▶ Task statement
Starting with the line that has "1974 Septembre Édition" in the records below and ending with the line that has "Native Salmon Art Poster - Canvas", output those lines exactly and nothing more; omit the pictures.

▶ Raw data
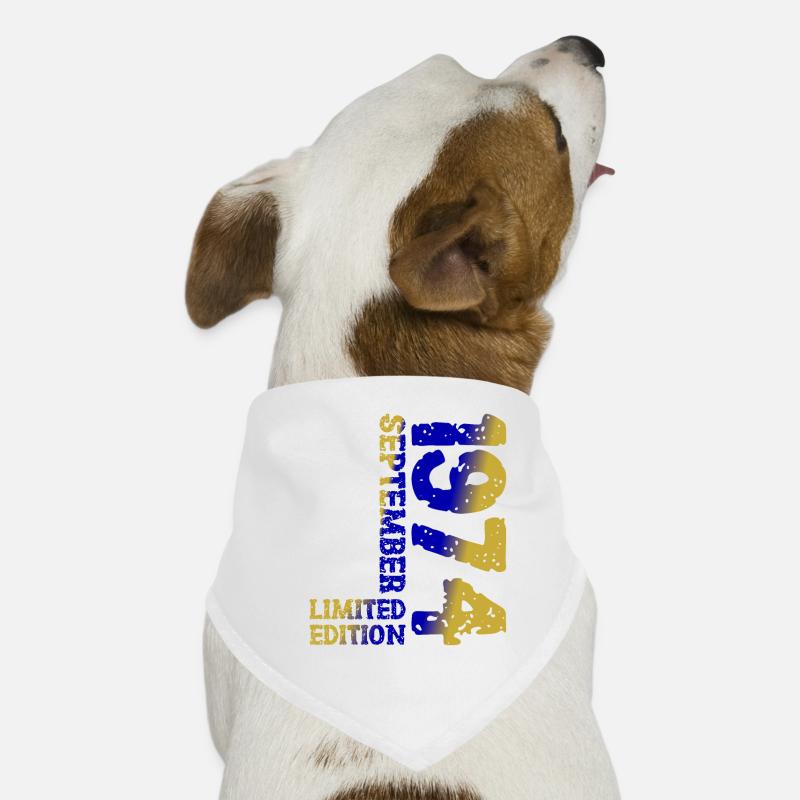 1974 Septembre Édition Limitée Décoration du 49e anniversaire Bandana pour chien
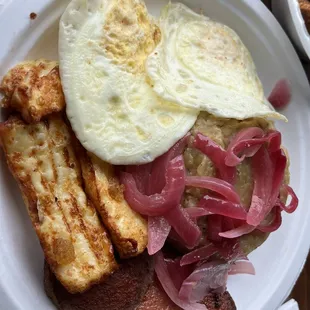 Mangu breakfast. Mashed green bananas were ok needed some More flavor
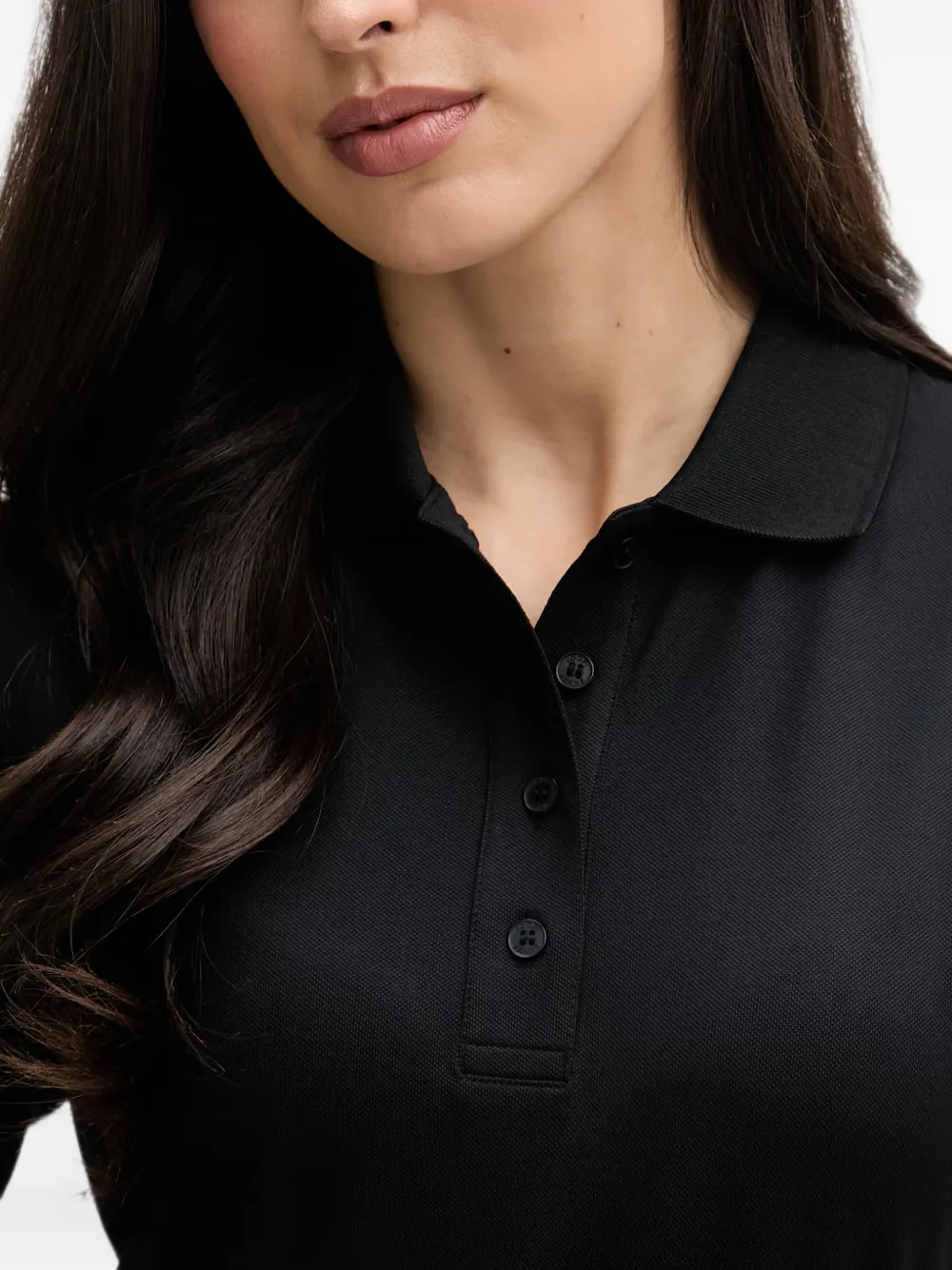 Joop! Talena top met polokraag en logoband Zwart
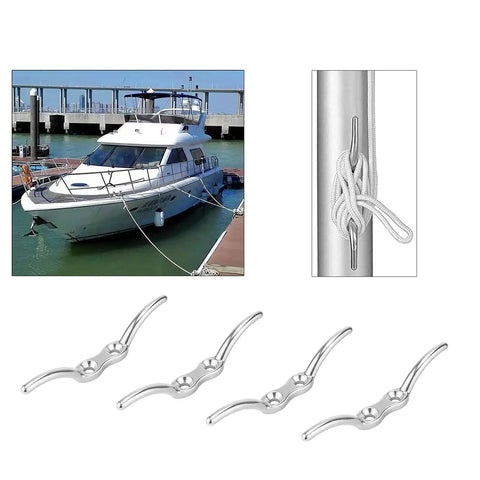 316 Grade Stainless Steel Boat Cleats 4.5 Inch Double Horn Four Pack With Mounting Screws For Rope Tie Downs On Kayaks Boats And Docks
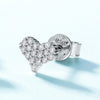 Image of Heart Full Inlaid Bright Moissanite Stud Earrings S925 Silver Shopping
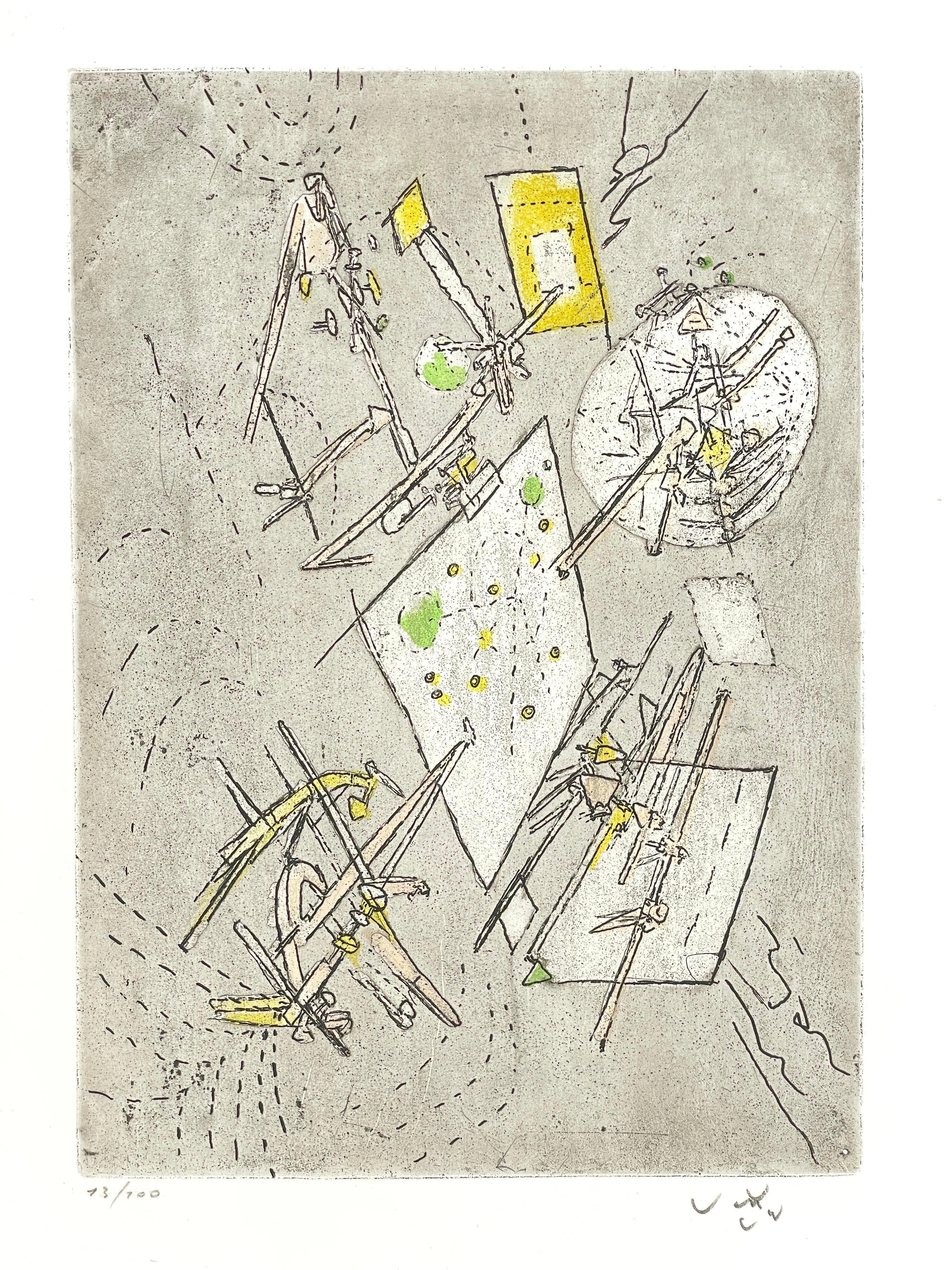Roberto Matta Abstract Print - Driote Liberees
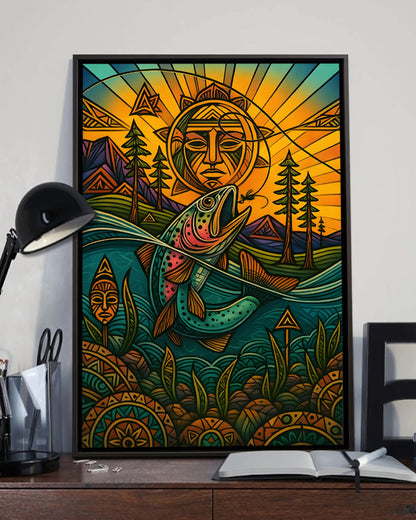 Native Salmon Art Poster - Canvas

==

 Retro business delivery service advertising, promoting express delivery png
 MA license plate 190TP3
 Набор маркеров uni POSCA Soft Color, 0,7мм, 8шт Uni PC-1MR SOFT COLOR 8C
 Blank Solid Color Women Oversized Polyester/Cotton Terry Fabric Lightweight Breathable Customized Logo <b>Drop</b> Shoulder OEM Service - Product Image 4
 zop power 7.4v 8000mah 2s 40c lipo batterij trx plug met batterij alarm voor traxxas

==

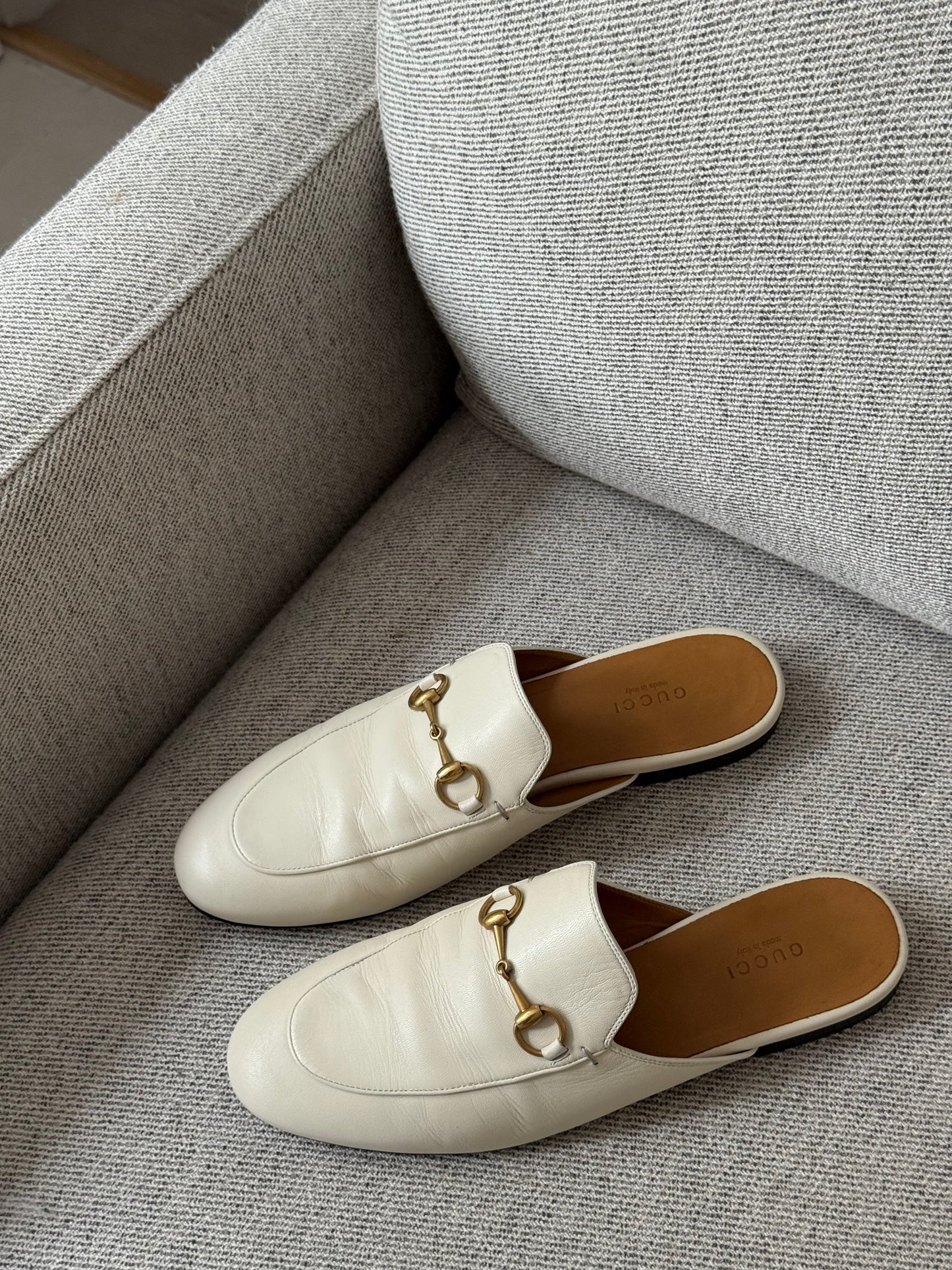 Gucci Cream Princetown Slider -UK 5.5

▶ Response
 1974 Septembre Édition Limitée Décoration du 49e anniversaire Bandana pour chien
 Mangu breakfast. Mashed green bananas were ok needed some More flavor
 Joop! Talena top met polokraag en logoband Zwart
 316 Grade Stainless Steel Boat Cleats 4.5 Inch Double Horn Four Pack With Mounting Screws For Rope Tie Downs On Kayaks Boats And Docks
 Image of Heart Full Inlaid Bright Moissanite Stud Earrings S925 Silver Shopping
Roberto Matta Abstract Print - Driote Liberees
 Native Salmon Art Poster - Canvas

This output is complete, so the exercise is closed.